- Also known as: Ori M'Ori
- Born: Rory Murray Seattle, Washington
- Origin: Beit Shemesh, Israel
- Genres: Alternative hip hop, Jewish rock, Jewish hip hop
- Occupations: Rapper, songwriter
- Years active: 2002–present
- Website: shtarmusic.com

= Ori Murray =

American-born Israeli rapper (born 1983)

Rory Murray, known by his stage name Ori Murray (אורי מארי) is an American-born Israeli rapper, best known as the co-founder and rap vocalist of the band Shtar.

==Early life==
Murray was born in Seattle, Washington to an Irish father and a Jewish mother, although he was raised with little connection to Judaism. His father, Rod Murray, was a high-ranking martial arts instructor with a school in Seattle. Ori himself actively trained and competed in karate and other disciplines from a young age, including several years as a collegiate wrestler. He was introduced to hip hop through albums like Jurassic 5's Quality Control and the Rawkus Records compilation Lyricist Lounge 2, and was further influenced by his high school poetry class.

As a teenager, he would often get into fights at house parties in Seattle's South End.
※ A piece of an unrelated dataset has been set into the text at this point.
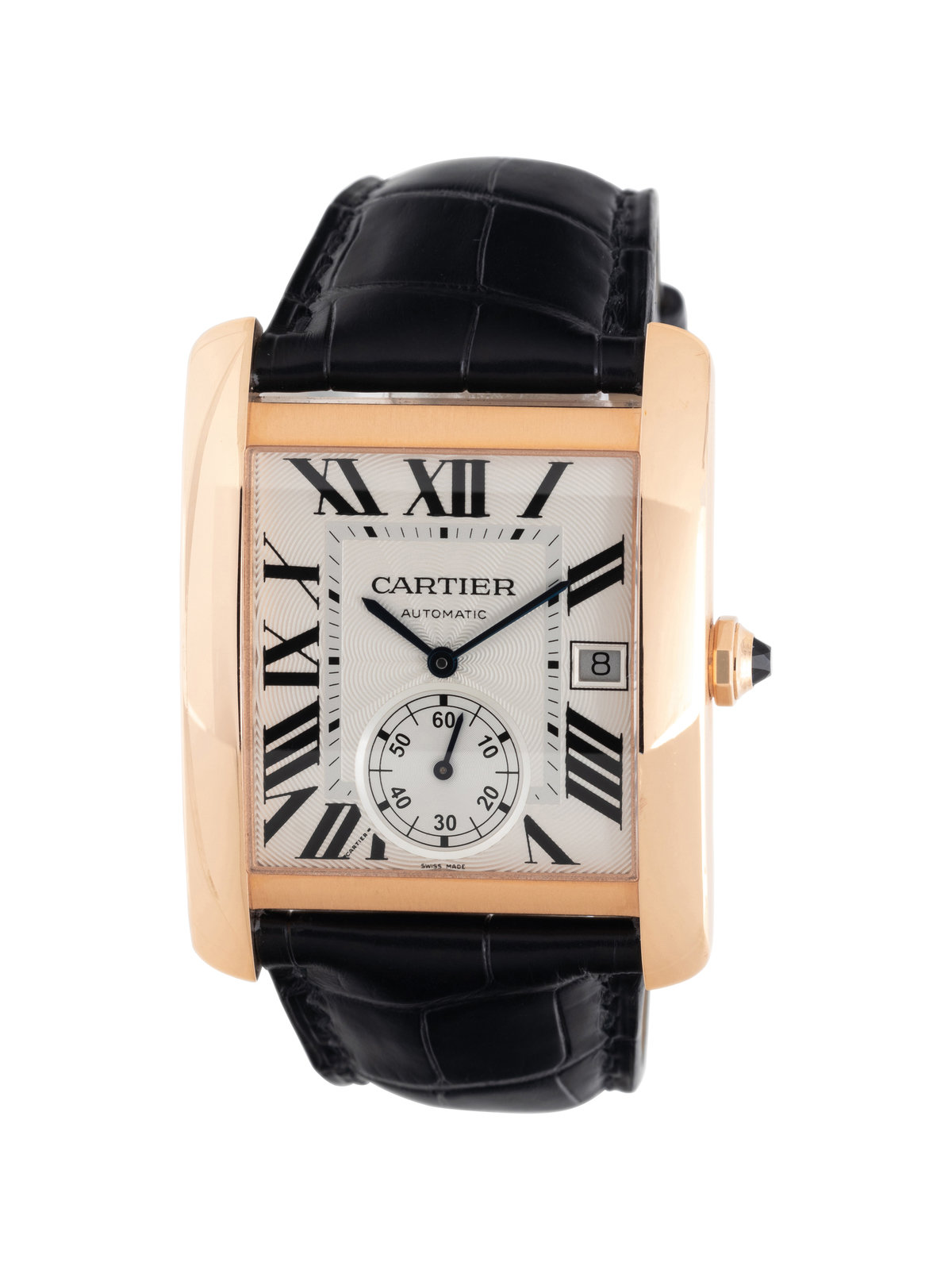 CARTIER REF. 3590 18K ROSE GOLD TANK MC WATCH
One such fight left him so badly injured that he required metal plates in one leg and was unable to walk on it for a year. As part of his recovery, he worked with personal trainer and family friend Yaakov Lunen, an African American who had converted to Orthodox Judaism. Lunen's influence inspired Murray and his entire family to pursue a deeper relationship with Judaism. Murray began attending a weekly class at a local yeshivah; there, he encountered two rabbis from Aish HaTorah who persuaded him to come study at their yeshivah in Israel, where he ended up settling.

==Career==
Murray began rapping professionally while living in Seattle. He recorded his first album at age 19 under the name Madsteez and performed at shows throughout the West Coast. He also performed as an MC and DJ in the city's house and drum and bass scenes.

At Aish HaTorah, Murray initially gave up rapping to focus on his studies, until one of his rabbis told him it would be a chillul Hashem to repress his talents in such a way.

===Shtar===

In 2006, Murray met fellow Aish HaTorah student Brad Rubinstein, who had previously been a guitarist in the short-lived English trip hop band Lisp. They began writing music together and formed Shtar, initially as a duo, before adding a full band to strengthen their live performance. They released their debut album, Infinity through Shemspeed in 2012, followed by their Boss EP, which featured Murray's fellow Seattle native D. Black on the song "Rabbit Hole". They competed on the 2015-16 season of the Israeli reality singing competition HaKokhav HaBa, coming in ninth place.

==Personal life==
Murray currently lives in Beit Shemesh with his wife and children. In addition to his music career, he teaches kung fu and works in real estate. He has also written for The Times of Israel as a blogger.